### Data block
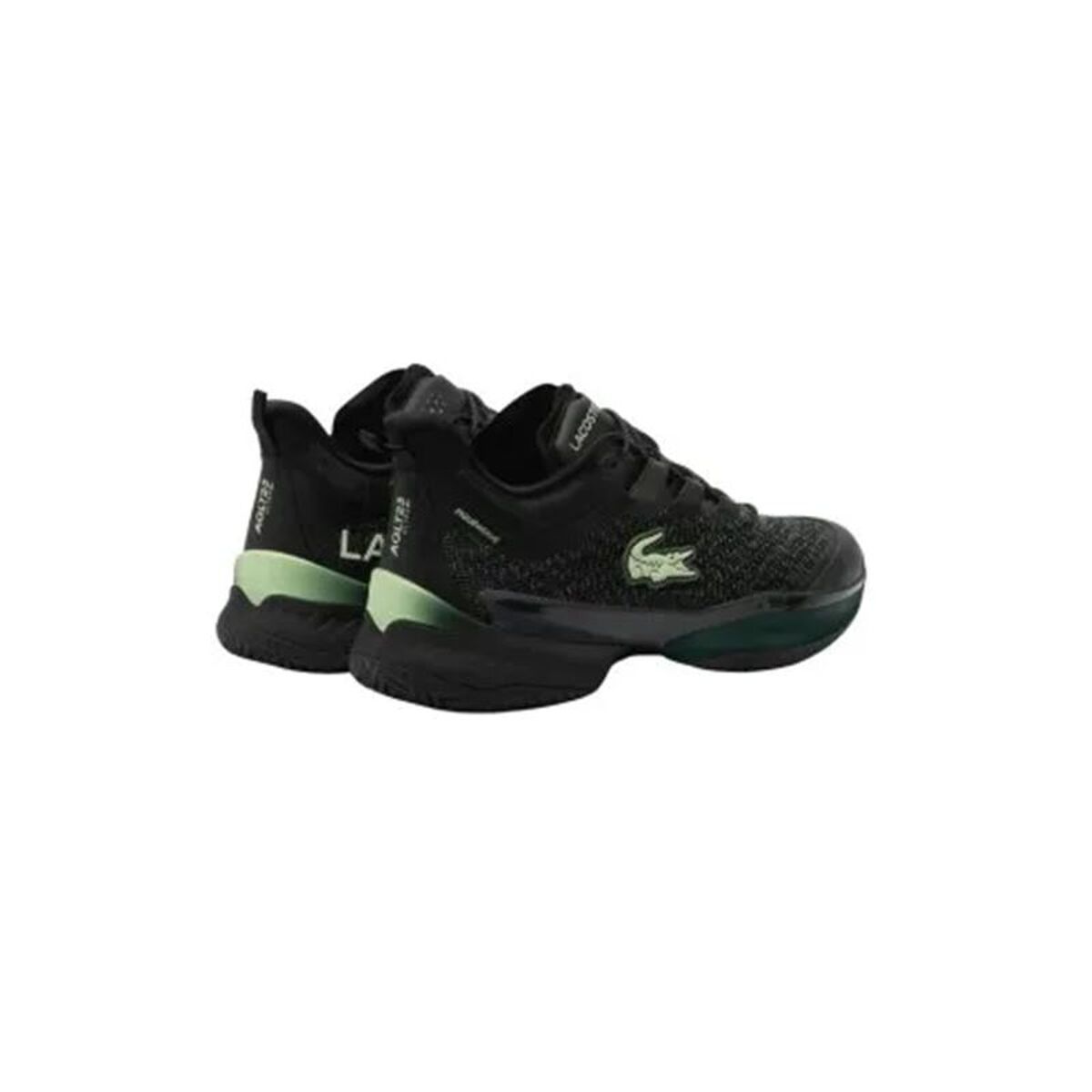 Ανδρικά Παπούτσια Τένις Lacoste AG-LT Ultra Μαύρο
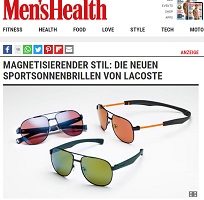 MensHealth Gewinnspiel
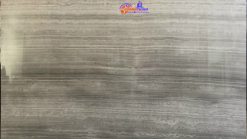 Đá Marble Xám vân gỗ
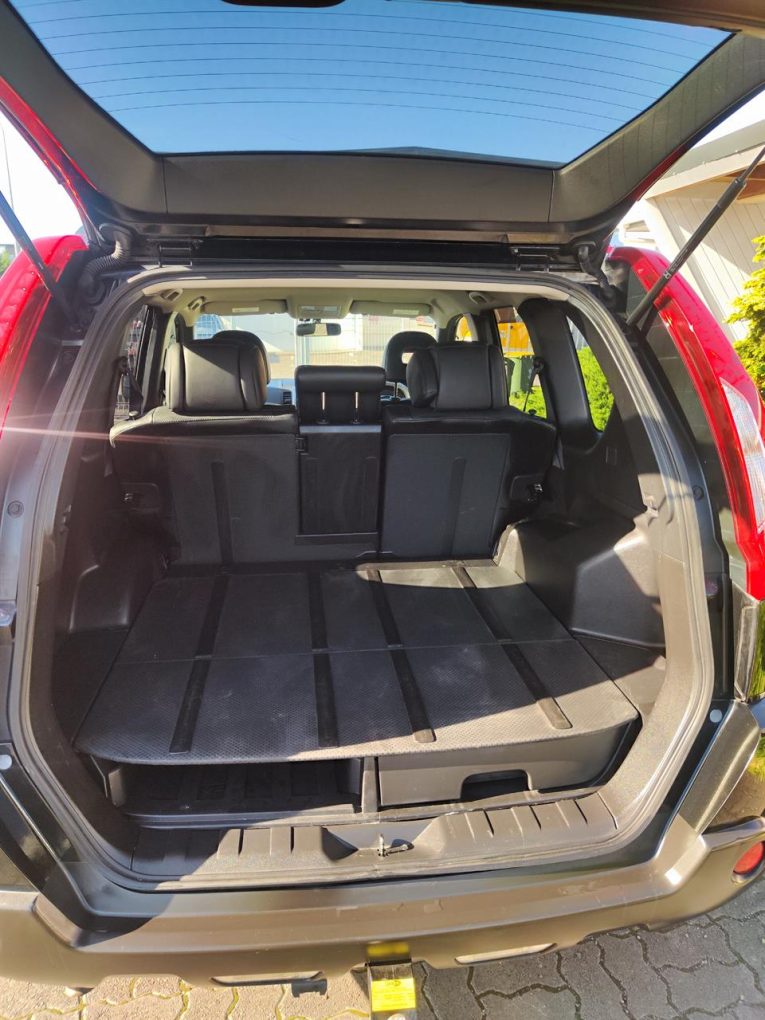2012 Nissan X-Trail Petrol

### Problem details
When you return the listing, keep it exact and omit any pictures it holds.

### Answer to this exercise
 Ανδρικά Παπούτσια Τένις Lacoste AG-LT Ultra Μαύρο
 MensHealth Gewinnspiel
 Đá Marble Xám vân gỗ
2012 Nissan X-Trail Petrol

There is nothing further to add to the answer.